**Entries shown**
____________________
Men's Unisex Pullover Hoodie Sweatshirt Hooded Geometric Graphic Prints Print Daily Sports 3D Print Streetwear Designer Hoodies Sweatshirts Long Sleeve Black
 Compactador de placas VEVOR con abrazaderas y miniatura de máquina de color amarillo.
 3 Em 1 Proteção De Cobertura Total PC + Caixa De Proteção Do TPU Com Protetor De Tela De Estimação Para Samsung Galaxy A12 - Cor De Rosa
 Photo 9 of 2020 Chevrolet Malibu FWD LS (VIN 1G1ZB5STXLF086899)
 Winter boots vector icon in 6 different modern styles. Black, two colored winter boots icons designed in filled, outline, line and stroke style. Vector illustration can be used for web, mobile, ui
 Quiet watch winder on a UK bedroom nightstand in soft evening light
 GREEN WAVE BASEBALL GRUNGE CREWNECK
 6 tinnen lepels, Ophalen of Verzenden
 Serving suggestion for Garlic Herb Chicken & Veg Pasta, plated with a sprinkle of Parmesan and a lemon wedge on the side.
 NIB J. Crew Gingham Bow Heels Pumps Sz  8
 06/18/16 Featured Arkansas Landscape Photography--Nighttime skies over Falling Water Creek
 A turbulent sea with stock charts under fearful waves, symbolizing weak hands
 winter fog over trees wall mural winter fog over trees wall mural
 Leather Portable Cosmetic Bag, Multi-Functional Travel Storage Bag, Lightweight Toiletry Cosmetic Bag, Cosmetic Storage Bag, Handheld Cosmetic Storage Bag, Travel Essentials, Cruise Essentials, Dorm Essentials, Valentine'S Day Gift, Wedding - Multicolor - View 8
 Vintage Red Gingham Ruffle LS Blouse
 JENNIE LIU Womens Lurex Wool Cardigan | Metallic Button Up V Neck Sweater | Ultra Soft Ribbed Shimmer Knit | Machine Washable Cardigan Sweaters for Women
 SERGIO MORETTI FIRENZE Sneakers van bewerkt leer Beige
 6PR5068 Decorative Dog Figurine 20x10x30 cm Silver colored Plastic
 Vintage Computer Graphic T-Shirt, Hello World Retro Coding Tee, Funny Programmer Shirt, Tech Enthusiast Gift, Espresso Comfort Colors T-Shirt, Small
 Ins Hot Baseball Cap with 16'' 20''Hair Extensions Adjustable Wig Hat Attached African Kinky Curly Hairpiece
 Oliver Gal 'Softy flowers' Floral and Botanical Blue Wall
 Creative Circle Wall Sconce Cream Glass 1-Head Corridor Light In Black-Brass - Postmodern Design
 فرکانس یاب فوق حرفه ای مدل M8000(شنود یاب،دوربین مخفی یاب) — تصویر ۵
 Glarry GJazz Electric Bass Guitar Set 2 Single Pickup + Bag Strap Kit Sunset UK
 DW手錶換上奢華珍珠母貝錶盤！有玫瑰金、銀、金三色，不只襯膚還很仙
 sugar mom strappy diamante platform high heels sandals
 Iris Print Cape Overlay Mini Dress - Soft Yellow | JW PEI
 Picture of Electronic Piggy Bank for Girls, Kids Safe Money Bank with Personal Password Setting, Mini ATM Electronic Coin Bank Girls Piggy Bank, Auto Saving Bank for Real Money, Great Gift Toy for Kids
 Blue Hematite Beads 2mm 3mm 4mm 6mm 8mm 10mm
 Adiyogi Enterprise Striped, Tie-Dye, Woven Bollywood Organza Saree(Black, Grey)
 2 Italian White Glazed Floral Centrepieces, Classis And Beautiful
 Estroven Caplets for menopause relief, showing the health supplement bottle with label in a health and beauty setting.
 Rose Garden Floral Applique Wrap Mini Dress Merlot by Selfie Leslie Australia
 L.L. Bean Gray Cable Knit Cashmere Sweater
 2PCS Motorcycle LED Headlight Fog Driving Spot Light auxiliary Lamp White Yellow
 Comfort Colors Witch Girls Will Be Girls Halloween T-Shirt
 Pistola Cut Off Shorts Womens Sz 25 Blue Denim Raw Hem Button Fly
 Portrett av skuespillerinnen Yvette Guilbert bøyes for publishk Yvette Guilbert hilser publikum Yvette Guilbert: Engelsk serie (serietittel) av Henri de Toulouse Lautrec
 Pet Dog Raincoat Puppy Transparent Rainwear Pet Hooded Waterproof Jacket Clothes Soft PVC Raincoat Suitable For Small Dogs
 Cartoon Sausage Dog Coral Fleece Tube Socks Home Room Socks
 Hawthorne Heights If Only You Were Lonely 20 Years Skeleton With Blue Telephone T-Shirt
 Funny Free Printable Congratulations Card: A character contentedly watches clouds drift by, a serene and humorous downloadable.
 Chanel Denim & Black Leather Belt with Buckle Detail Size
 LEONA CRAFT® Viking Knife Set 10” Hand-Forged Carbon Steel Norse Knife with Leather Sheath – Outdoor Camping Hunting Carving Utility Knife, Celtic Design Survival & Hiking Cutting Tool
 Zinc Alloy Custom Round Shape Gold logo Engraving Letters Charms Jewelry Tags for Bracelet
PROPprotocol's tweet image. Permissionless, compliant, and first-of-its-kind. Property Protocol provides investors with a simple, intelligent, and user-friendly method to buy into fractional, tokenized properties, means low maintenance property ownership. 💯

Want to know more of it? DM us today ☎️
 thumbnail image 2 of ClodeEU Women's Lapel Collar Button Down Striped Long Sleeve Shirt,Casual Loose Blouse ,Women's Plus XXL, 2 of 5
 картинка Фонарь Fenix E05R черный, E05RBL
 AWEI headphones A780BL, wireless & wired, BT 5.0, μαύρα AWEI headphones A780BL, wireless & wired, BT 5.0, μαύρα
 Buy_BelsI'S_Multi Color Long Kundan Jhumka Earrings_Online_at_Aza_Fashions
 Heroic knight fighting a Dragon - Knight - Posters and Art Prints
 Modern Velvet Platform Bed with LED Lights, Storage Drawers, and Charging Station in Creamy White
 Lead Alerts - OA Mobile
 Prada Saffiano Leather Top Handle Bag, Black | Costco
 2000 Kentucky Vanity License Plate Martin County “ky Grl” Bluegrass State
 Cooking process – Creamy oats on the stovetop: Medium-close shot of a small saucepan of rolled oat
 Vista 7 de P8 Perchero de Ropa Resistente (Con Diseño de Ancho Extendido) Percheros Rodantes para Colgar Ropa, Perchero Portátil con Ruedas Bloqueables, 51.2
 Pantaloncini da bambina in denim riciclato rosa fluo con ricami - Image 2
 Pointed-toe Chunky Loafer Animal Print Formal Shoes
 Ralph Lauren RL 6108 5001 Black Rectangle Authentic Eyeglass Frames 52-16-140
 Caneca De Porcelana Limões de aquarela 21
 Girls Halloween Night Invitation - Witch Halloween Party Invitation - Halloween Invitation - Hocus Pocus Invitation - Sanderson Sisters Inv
____________________
**Work instruction**
In the records above, find the line with "Hawthorne Heights If"; write out exactly that line and each one after it, stopping after the line with "Cooking process –".

**Solved exercise**
 Hawthorne Heights If Only You Were Lonely 20 Years Skeleton With Blue Telephone T-Shirt
 Funny Free Printable Congratulations Card: A character contentedly watches clouds drift by, a serene and humorous downloadable.
 Chanel Denim & Black Leather Belt with Buckle Detail Size
 LEONA CRAFT® Viking Knife Set 10” Hand-Forged Carbon Steel Norse Knife with Leather Sheath – Outdoor Camping Hunting Carving Utility Knife, Celtic Design Survival & Hiking Cutting Tool
 Zinc Alloy Custom Round Shape Gold logo Engraving Letters Charms Jewelry Tags for Bracelet
PROPprotocol's tweet image. Permissionless, compliant, and first-of-its-kind. Property Protocol provides investors with a simple, intelligent, and user-friendly method to buy into fractional, tokenized properties, means low maintenance property ownership. 💯

Want to know more of it? DM us today ☎️
 thumbnail image 2 of ClodeEU Women's Lapel Collar Button Down Striped Long Sleeve Shirt,Casual Loose Blouse ,Women's Plus XXL, 2 of 5
 картинка Фонарь Fenix E05R черный, E05RBL
 AWEI headphones A780BL, wireless & wired, BT 5.0, μαύρα AWEI headphones A780BL, wireless & wired, BT 5.0, μαύρα
 Buy_BelsI'S_Multi Color Long Kundan Jhumka Earrings_Online_at_Aza_Fashions
 Heroic knight fighting a Dragon - Knight - Posters and Art Prints
 Modern Velvet Platform Bed with LED Lights, Storage Drawers, and Charging Station in Creamy White
 Lead Alerts - OA Mobile
 Prada Saffiano Leather Top Handle Bag, Black | Costco
 2000 Kentucky Vanity License Plate Martin County “ky Grl” Bluegrass State
 Cooking process – Creamy oats on the stovetop: Medium-close shot of a small saucepan of rolled oat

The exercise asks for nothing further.